What a difference a few months can make.

Macy’s (NYSE: M), the country’s second-largest department store chain, said it would beat analysts' estimates for profit through January 2015. In a statement, the company forecast profits per share of $4.40 to $4.50.

According to Bloomberg, the average of 19 analysts’ estimates came in at $4.36.

As recently as August, the company was in the midst of efforts to counter what CFO Karen Hoguet called consumers “choosing to make purchases in non-department store categories.” Hoguet’s remarks were made in the wake of a Q2 1.6 percent decline in transactions.
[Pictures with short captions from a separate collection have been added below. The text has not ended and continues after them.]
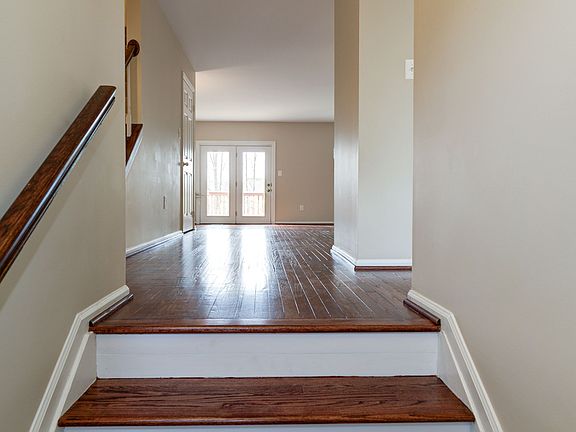 3rd image of 4130 Meadow Field Ct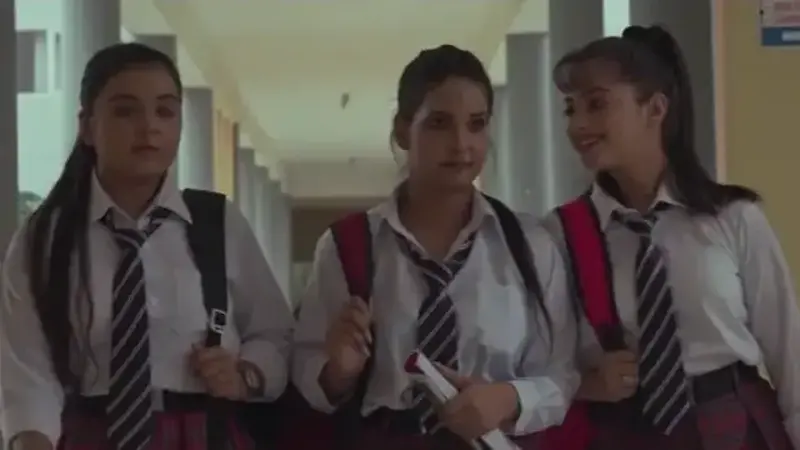 Nalayak E1 Indian Web Series Prime shot Porn Videos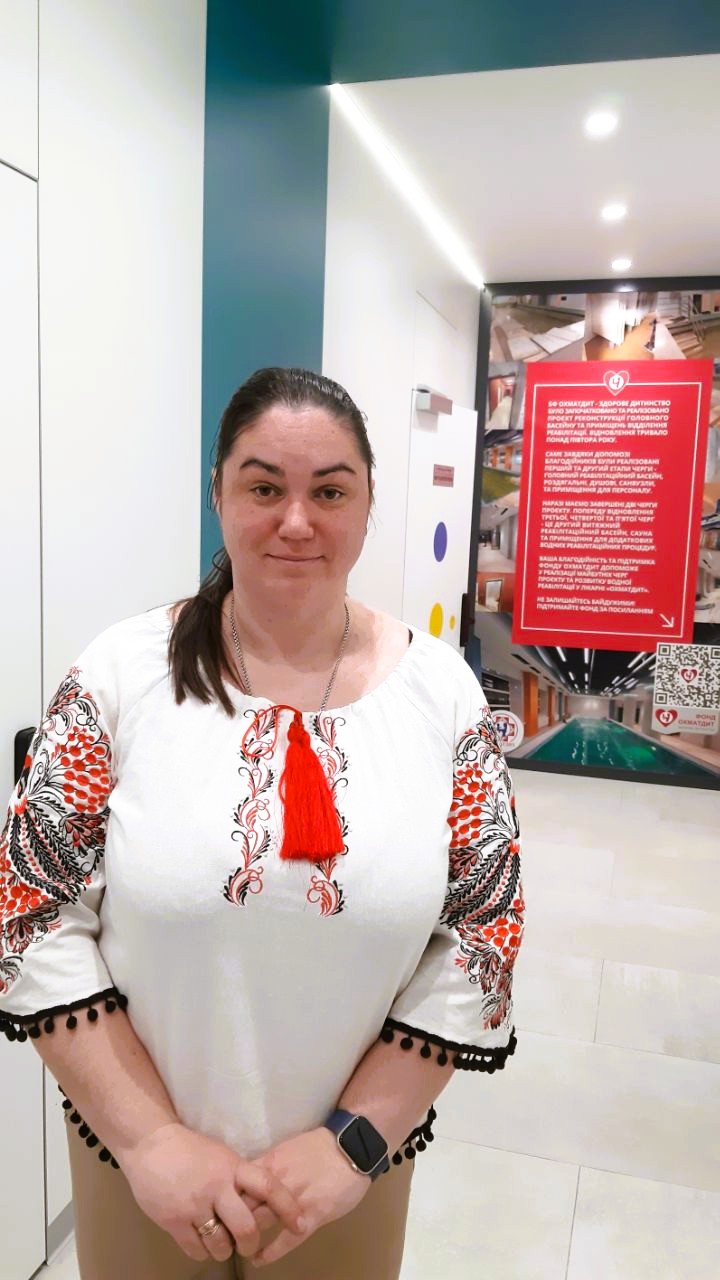 Вода, що повертає свободу руху: «Аптека 9-1-1» підтримала розвиток водної реабілітації для дітей в «Охматдиті»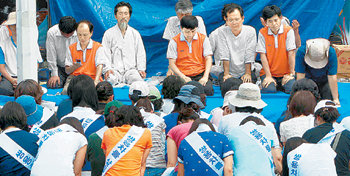 “민노당 떠나주세요”6일 쌍용자동차 평택공장 정문 앞에서 사측 직원 가족들이 강기갑 대표 등 민주노동당 관계자들 앞에 무릎을 꿇고 “공장을 점거한 노조원을 옹호하는 민노당은 공장에서 제발 나가 달라”고 애원하고 있다. 평택=박영대 기자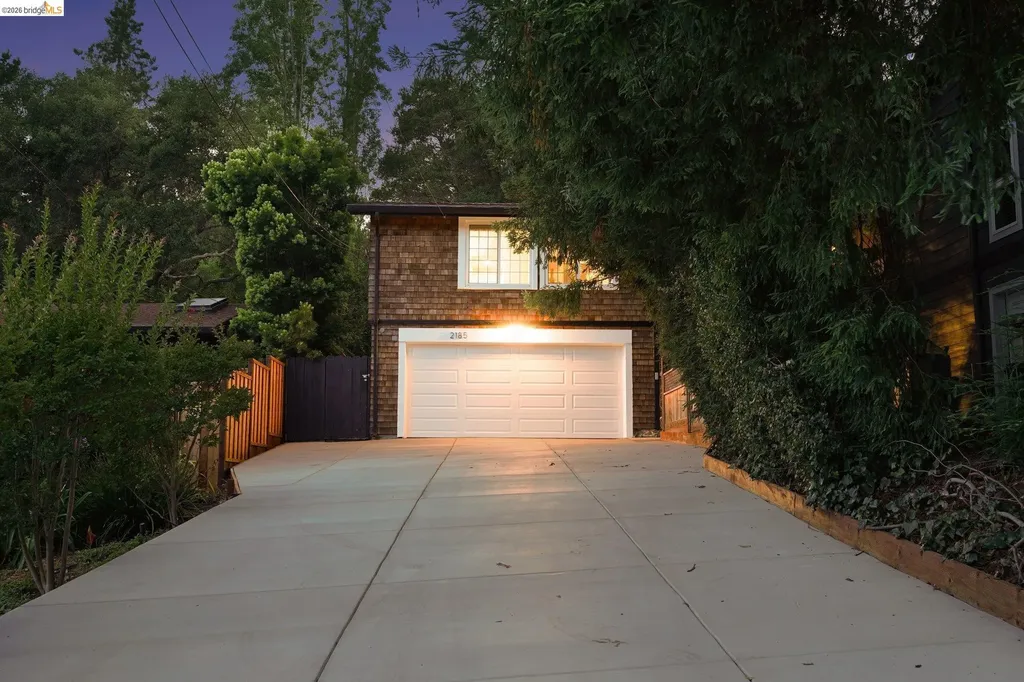 2185 Trafalgar Place Oakland CA 94611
Now the picture is quite different.

Some might say Macy’s was doing what it said it would do, cut costs and redirect consumer spending. Macy’s chief executive officer, Terry Lundgren has managed the redirection by giving lower-level managers more flexibility and by adding more competitively priced merchandise to stores.

In addition, in an effort to save nearly $100 million a year, the company said it would cut about 2,500 jobs and initiate some other cost savings measures moving forward.

Related: Macy's Will Ramp Up Marketing To Counter Slow Sales

Putting more efforts into integrating online and in-store sales has also helped. Richard Jaffe at Stifel Financial Corp. told Bloomberg, “They are running a good business and hats off.” Stifel has a Buy rating on Macy’s.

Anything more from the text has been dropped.